37 responses to “How to Find Time To Write (Even If You Think You’re Too Busy)”

  1. This is so true! You HAVE to make time to write. I spent all of my high school years thinking “Oh I’ll just wait until this summer and then write because I’ll have the time!” And I didn’t even do it then. I never finally buckled down to write until last year, at the end of my junior year in college. And you know how I did it? By MAKING TIME. It just has to be a priority, or you’ll never get it done! (even when you have the time!)

    Liked by 3 people

    • So true! I’m in high school now, and sometimes I push off projects to the summer…the summer always seems like a long time, but it’s never long enough to finish the projects I was too lazy to do in the school year! If I want to finish a writing project, i have to work on it now. 🙂

      Liked by 1 person

  2. It is SO hard to find time to write again! But YES OMG THANK YOU SO MUCH FOR THIS POST VIVIAN! I’ve been having LOTS of troubling making time for writing, and this helped SO MUCH! I definitely should try #3–I spend so much time doing blog-related stuff, it’s just… AGH. And why CAN’T we sing “Say No To This”? 😛 And haha, I’ve been having to make schedules every day so I don’t get off task. 😛 I should make a writing schedule too!

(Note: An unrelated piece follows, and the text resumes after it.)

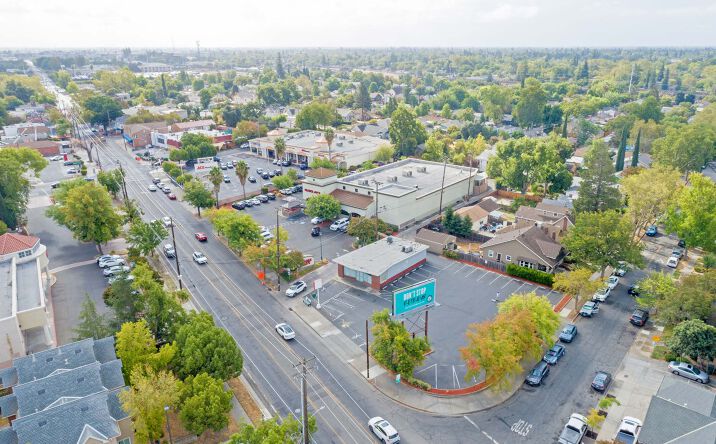 Pictures of Retail, Restaurant property located at 4900, 4920 & 4922 Folsom, Sacramento, UT 95819 for lease - image #1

    And #5 is so. true. We have to be efficient with our time, because we don’t know when it’s going to run out. Thank you SO MUCH for this AMAZING post! 😀 ❤

    Liked by 2 people

      • 😀 And I’ve actually been making a writing schedule with goals for each day, and it’s really helping me! Of course, I still procrastinate and don’t fulfill the goals to the max, but I’m still doing something every day! (TELL ME HOW TO SAY NO TO THIS)

        Liked by 1 person

  3. The only thing there I’d moderate is “turn off the internet.” I only got four pages written yesterday during What-Other-People-Call-Lunch Hour, because I had to dig into some online research to make sure I wasn’t saying something stupid about western Canada of the 1880s, rather than the usual six(ish). Certainly, one needs to exercise iron discipline to not then turn to the entertaining, social aspects of the ‘net, but just shutting down the browser entirely seems like locking away a useful writing tool.

    Liked by 2 people


    Seriously, this is beautifully accurate, and I need this post SOOO much. I’ve been writing a blog post for the past two hours, so I’m pretty tired of writing, but I’m determined to get some of my book whipped out before I crash and burn tonight, lol!

    Liked by 1 person

  5. Good post! I definitely need to work on using every little minute, especially since I often think I need 30 minutes to actually get something done, but I should really be working on my writing all of the time…thanks for the tips! 😀

    Liked by 1 person

  6. This was such an awesome post. I’ll definitely use your ideas to get my writing work finished. After all, time won’t appear magically, time has to be taken out and made for writing. 🙂

    Liked by 1 person

  7. Every one of these is spot on. GREAT post. “I don’t have time” is a statement that ought to be made AFTER the writing is scheduled. Priorities are what you make them!

    Liked by 1 person

  8. I thoroughly believe in keeping a record of my writing activity, and maintaining a general writing quota that requires me to put in a certain amount of hours each week on writing.
    How those hours are distributed within the week is flexible, and some weeks fall short, but in general I aim to put in a certain number of hours per week, and require a certain number of hours totaled at the end of the year.

    I often find it easier to “say no” on weeknights, since I have work the next day anyway, and head straight home for a little exercise, a quick dinner, and at least an hour on writing.
    I also like to carry a notebook. There are countless random moments spent waiting that could easily be spent writing.

    One of the great things about writing is that the tools are inexpensive and very portable.